I should have been prepared for this. Steeled. Resolved. Ready.
These coffee dates inevitably ask the same question. “So, did you meet anyone in Colorado?” How do I tell the truth without rehashing the painful year of memories? Again, another consequence of my friendationship. I don’t have a clear cut answer. I can’t say, yes, I dated a boy I wanted to marry. But I also can’t say no, I didn’t meet anyone in Colorado.
Because I met someone. Even though he ended up not being my forever someone, he was someone. And I’m not entirely sure how to tell the story of us. Or the me and him because could I even call us an us? The failings of messy lines and blurred boundaries.
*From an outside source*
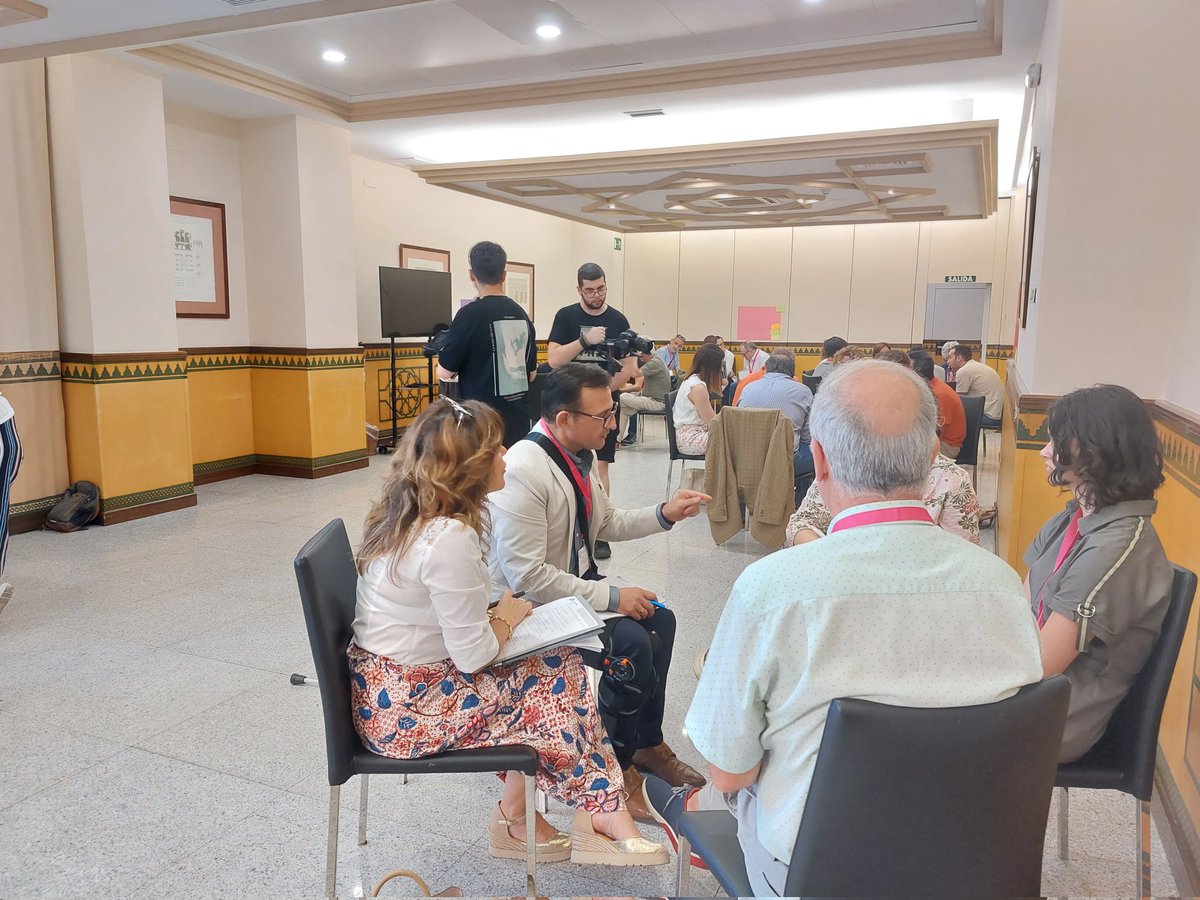 Segunda jornada del Encuentro. Continuamos con el trabajo comenzado ayer. Hoy profundizamos en los ecosistemas informal y comunitario.
#EncuentroCCEE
So I pick certain pieces to tell different people occasionally allowing some of the pain to leak out. I don’t miss him. I don’t want him. I miss it. I miss having a him in my life. I miss 3am conversations and surprise Starbucks treats. But again, I don’t miss him. I guess I miss the idea of him. Who I hoped he would be in my life.
The loneliness of being alone is sometimes overwhelming. It’s not necessarily a need for completion or this insane striving for someone to make it better. It’s a loneliness of a solo journey. It’s the loneliness of not sharing the load, of not having someone to rejoice or weep over my circumstances. Papa is enough. He always is enough. Of that I’m certain.
But sometimes, in the middle of the night, or the quiet of the day, I bump into my familiar companion of singularity. The me and not we. And I know on a scale of terrible things, this is so very small. But it feels so very big at times. It threatens to swallow me whole.
The ache for my best friend. The ache for a future together. The ache for that look and a hand to reach for mine when we walk down the street. The ache for laughter and tears. The ache of an empty bed and empty arms.
It’s an ache I’ve never quite known how to silence. It stopped screaming and started whispering. Quieter and quieter with each passing year, although growing in intensity. Funny how that works huh? The most painful things can often make us the quietest. Almost like if we utter a noise, it will all come tumbling out and we’ll fall apart.
If I let let one tear fall, I’m afraid they’ll never stop.